The more I hear from climate "skeptics" the more the arguments feel similar to those of the evolution skeptics.
"The facts speak for themselves; there is no need for anyone to manipulate them." Why would there be a cover-up in the first place? Much is reported in the news about it, who or why would you cover up data on Global warming? My opinion is that there is a cover-up because there is something to cover-up. It exists, "it" is the true cause of the Global warming, something that has been covered up since NASA discovered a rogue planet heading for our solar system in 1983. Don't give me no crap on this, it's documented in the Washington Post. Crow.
Science was the first instance of open source. If someone else can't freely check your data and replicate your experiments you've got nothing. The raw data and source code for the climate models should have been available from day one. The fact that they weren't and that large quantities of data were "lost" throws the conclusions into serious question.
[Insert pithy quote here]
Translating Freely:
We cooked the data to show what we wanted it to show, then erased the originals to ensure that our version of the truth is the only version.
Those guys really took the lessons from the Ministry of Truth to heart. Way to inspire confidence guys. Way to convince the non-scientific public that there is a reason to quietly submit to a carbon version of a water command empire.
Why is Mr Jones still employed?
The Holy Religion of Obama Worship must not allow dissent. All heretics and apostates must answer to the Lord High Obama and his Czar Chamber. All data that does not fit the predetermined conclusion must be destroyed.
What would be the point of releasing the raw data to the general public? Seriously, why bother? I know that I don't have the skills or expertise to analyse it effectively and come up with any conclusions that have *any* scientific merit. Surely the people who know how to analyse/process this data and draw meaningful conclusions already have access to it.
In the 80's they were getting us all apeshit over a hole in the ozone layer.
In the 70's it was the coming Ice Age.
Each iteration has allowed these Bilderberger manipulators opportunity and experience to refine their forays against reality.
NOAA data is fudged and tampered now:
http://www.climate-skeptic.com/2009/11/yet-more-stuff-we-always-suspected-but-its-nice-to-have-proof.html
"Speaking the Truth in times of universal deceit is a revolutionary act." -- George Orwell
You might be correct, except that the US is more responsible than China and the UK/Japan are hardly innocent either.
This is less an act of war or one-sided recklessness, and more something akin to a bunch of ignorant fools drinking liquor and shooting their guns into the air not knowing that the rounds will return to the earth and strike them in the head.
(I will pre-empt the 'well the US does it more efficiently than China' responses with an I DON'T GIVE A CRAP because that is like us all sitting in a hot tub and we all kinda poop in it, but I poop the most and then I say "well, I really needed to and it felt better to me")
Every industrialized nation is to blame here.
Of course the world is getting warmer.

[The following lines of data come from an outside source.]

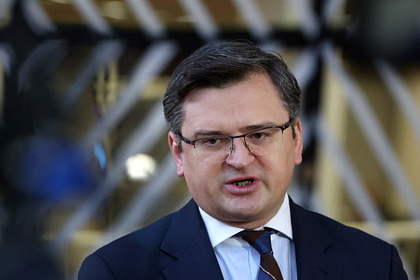 Глава МИД Украины выступил за разрыв дипломатических отношений с Россией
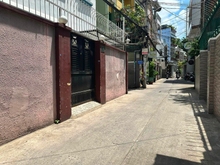 Hình ảnh Nhà giáp Q3, ~40m2 công nhận đủ, HXH thẳng một trục thông HVB ~6tỷ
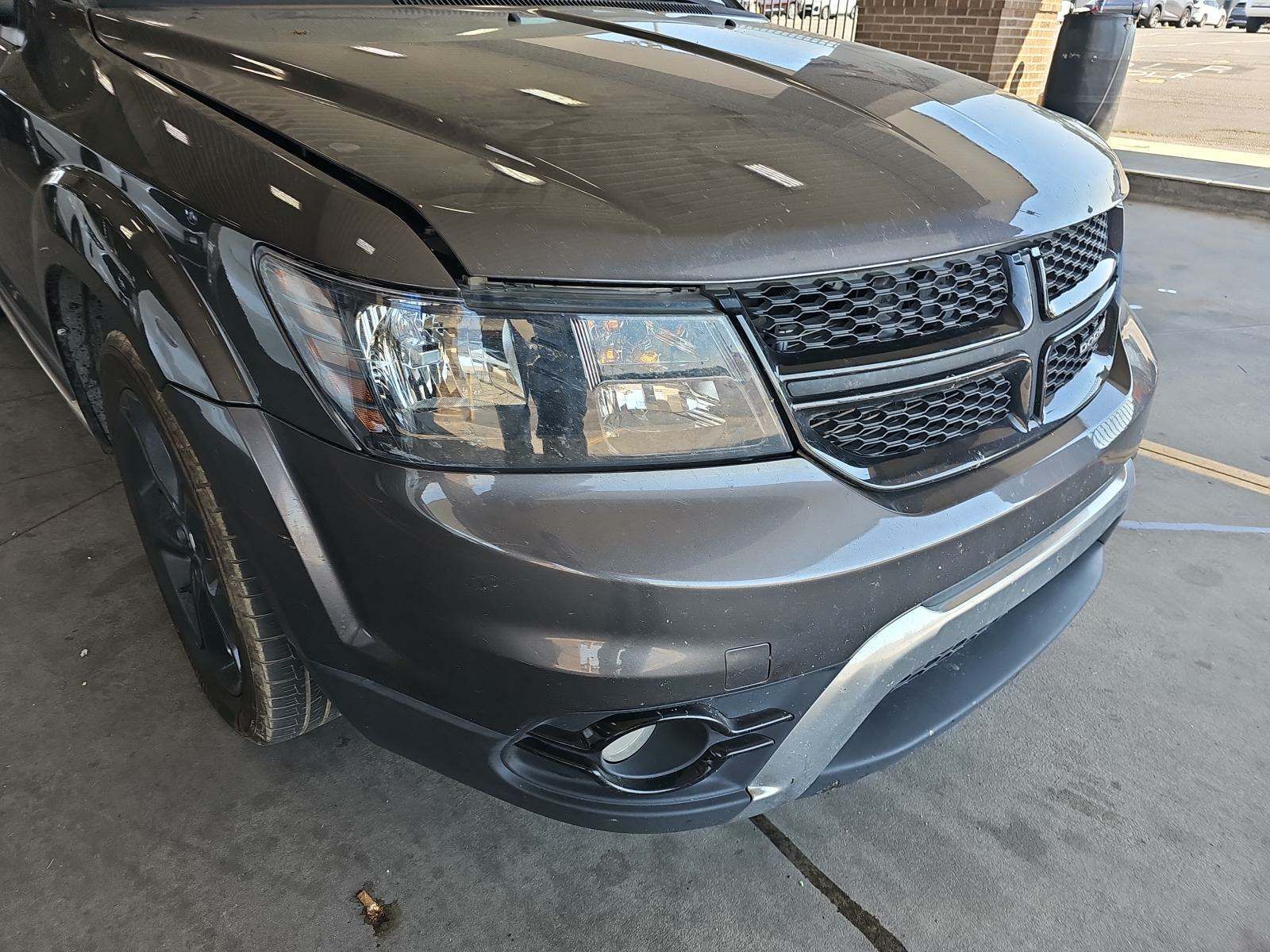 2020 Dodge Journey Crossroad FWD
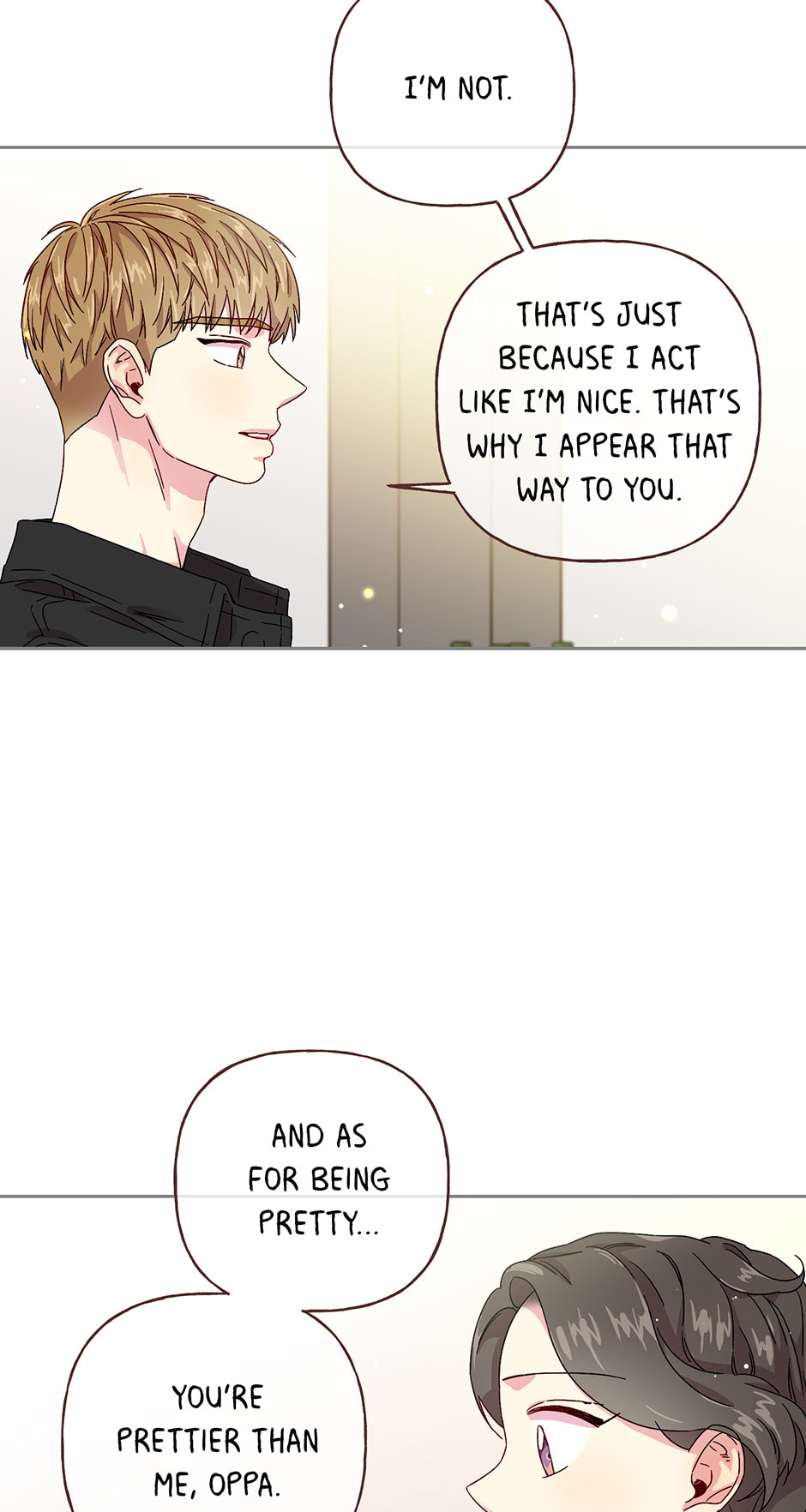 Bunny and Her Oppas Chapter 36 page 53 - 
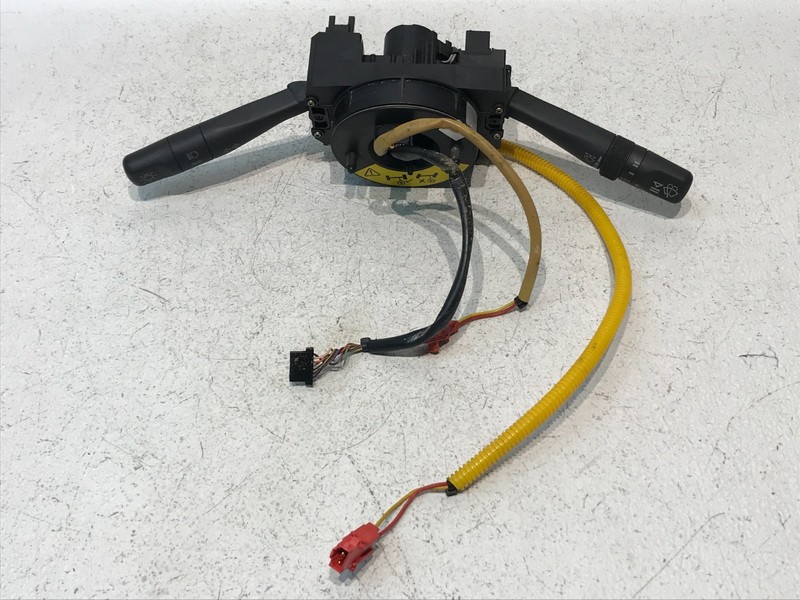 1998 Range Rover Headlight & Wiper Control Arms Turn Signal Clock Spring OEM
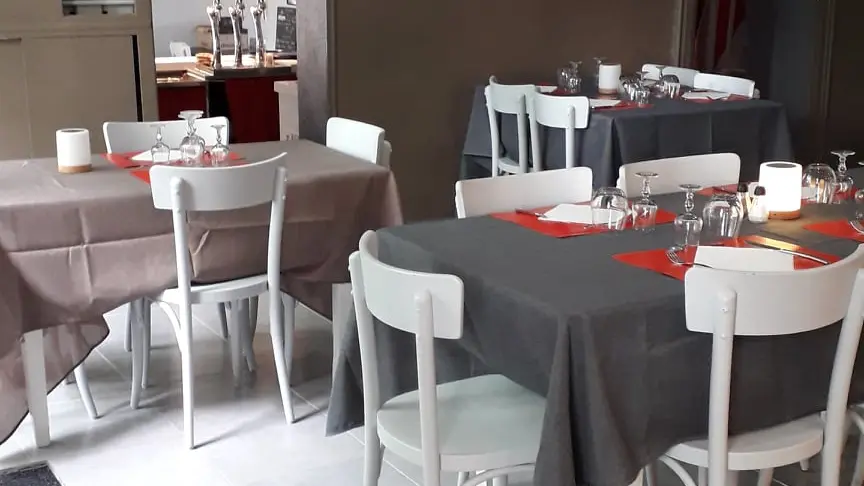 Restaurant les Ponts_Le Lude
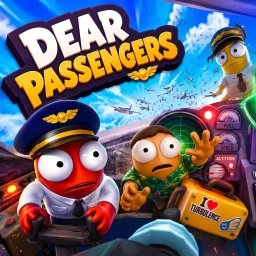 Dear Passengers Chaos Pranks icon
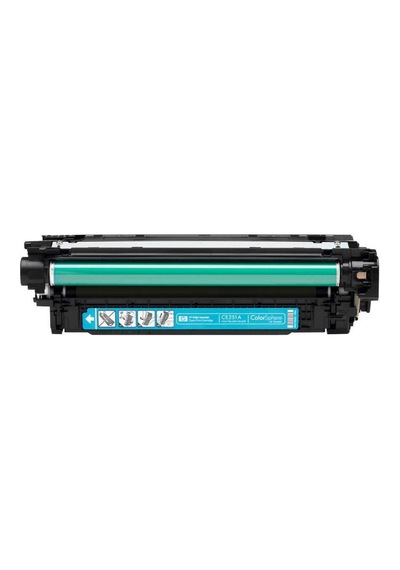 Hp Ce251a 504a Mavi  Toner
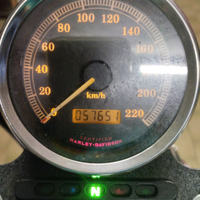 Harley Davidson - Dyna Super Glide 1450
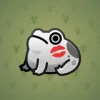 Kissed Frog #10238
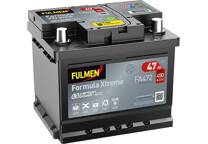 Accu 47Ah/450A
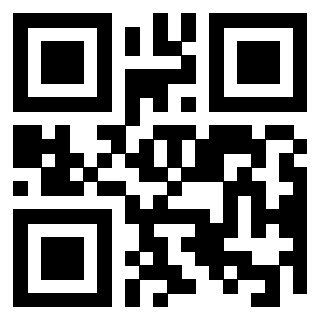 Immagine del Qr Code di 3307956763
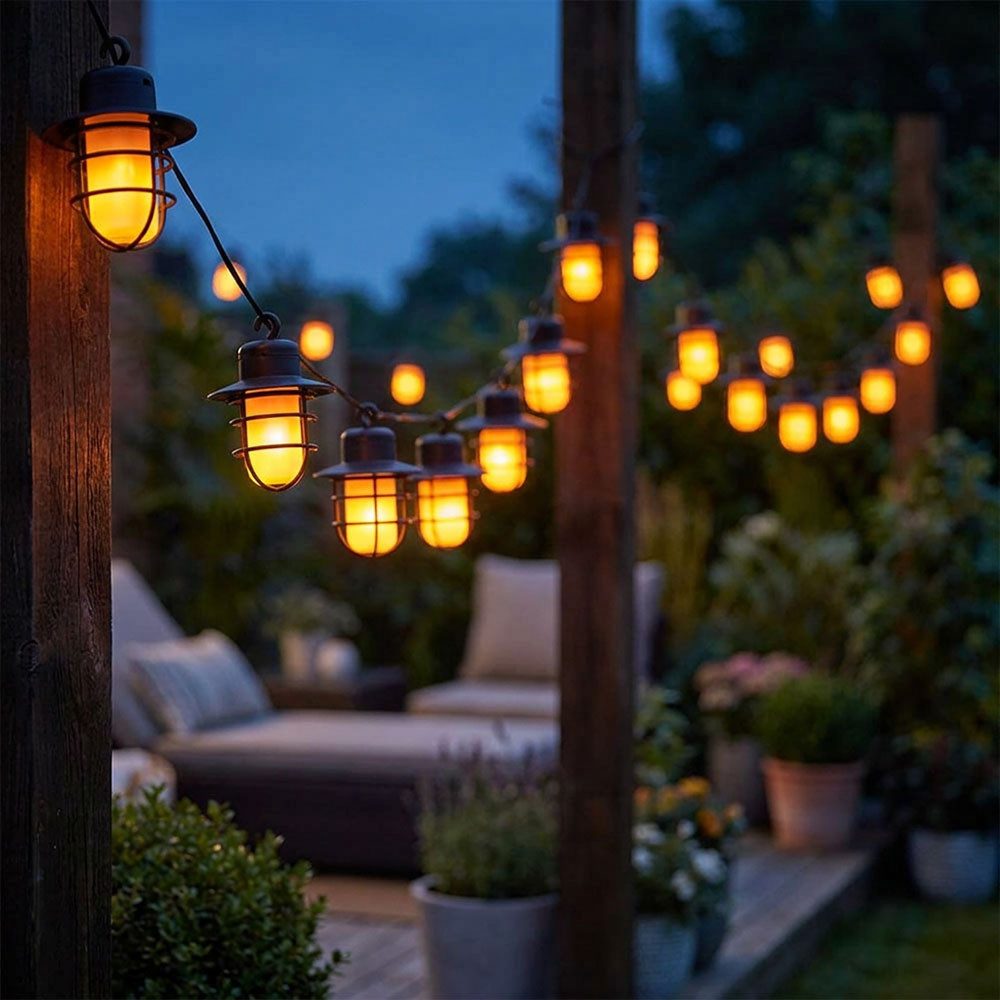 LED Solarleuchte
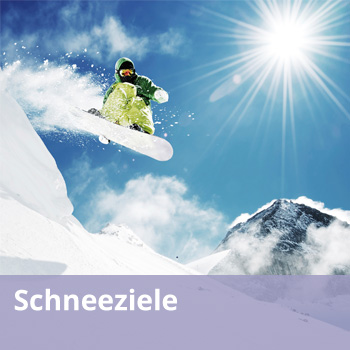 Schneeziele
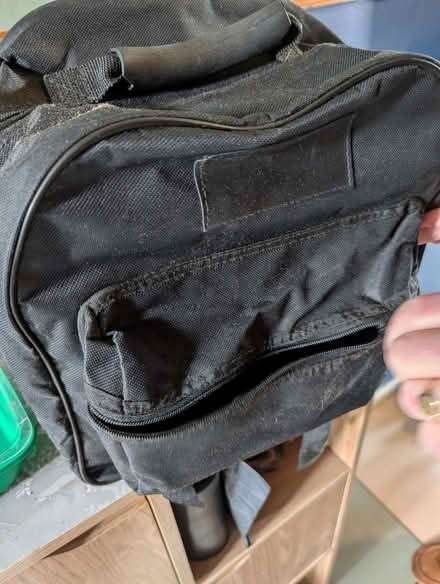 Photo of free Bag of Car Cleaning Products (Uphill BS24) #1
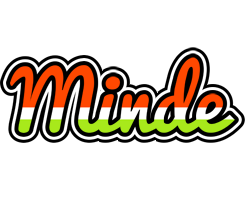 Minde exotic logo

It has been for the last ten thousand years. You know, since the end of the last ice age.
Back then, the polar ice cap extended down into modern-day Illinois. If only we could have stopped global warming from melting the ice cap all the way to what it was 100 years ago.
. . . where it is oh-so-fashionable to deny that humans have anything to do with global warming. Get used to it.
Each American produces over 4 times the CO2 emissions of each Chinese person. (Directly comparing Nations of vastly different populations is absurd; by that standard Jamaica could argue our total emissions should equal theirs).
"it's time we took the money away from the scientists who have been telling us this for years and gave it to the engineers to get us out of this mess."
So, you're saying, "Cut off funding for anyone who questions the official position that this is an urgent global crisis that demands massive government intervention"?
Revive the Constitution.
If the _results_ from the lab in question match up with other independent results, what possible grounds to laymen have to presume the data was deliberately changed? Unless they assume that all independent labs falsified their data in concert, which would be a hell of a conspiracy.
What really bothers me about the complaints around the emails is that none of them (as I understand it) come close to proving that findings were deliberately falsified to point to one conclusion over another. All of the emails were either innocuous or, at worst, ambiguous.
And what have some skeptics done with ambiguous data? They have manipulated it to fit their pre-existing theories. Which is very close to the sort of bad behavior they are charging the lab with now.
The English word fart is one of the oldest words in the English vocabulary.
Anyone who takes the word of an pseudonymous slashdotter to evaluate statements of truth about the reputation of a news source without proof, loses whatever credibility they had with me, and unlike him/her/it I understand what "poisoning the well" actually means in logic and reason and why its invalid as an argument.
Tubby or not tubby. Fat is the question
We have this quote from TFA:
By deleting the raw data, no one can ever reproduce or review the process by which raw data became tested theory.
This is not the act of a scientist; in fact, this would make you fail in the Elementary School Science Fair of your choice. The sad truth seems to be that, while Science concerns itself with discovering truth, these scientists have concerned themselves only with discovering funding and prestige.
Climate change theory must now reside with such things as Cold Fusion and Duke Nukem Forever.
why is this modded -1 troll? he points out some honest facts! climate change = anything the climate does, and a carbon tax is a tax on the basic building blocks of all life on the planet.
I've decided to Diversify my Holdings. I've divided my cash between my left and right pockets, instead of all in one.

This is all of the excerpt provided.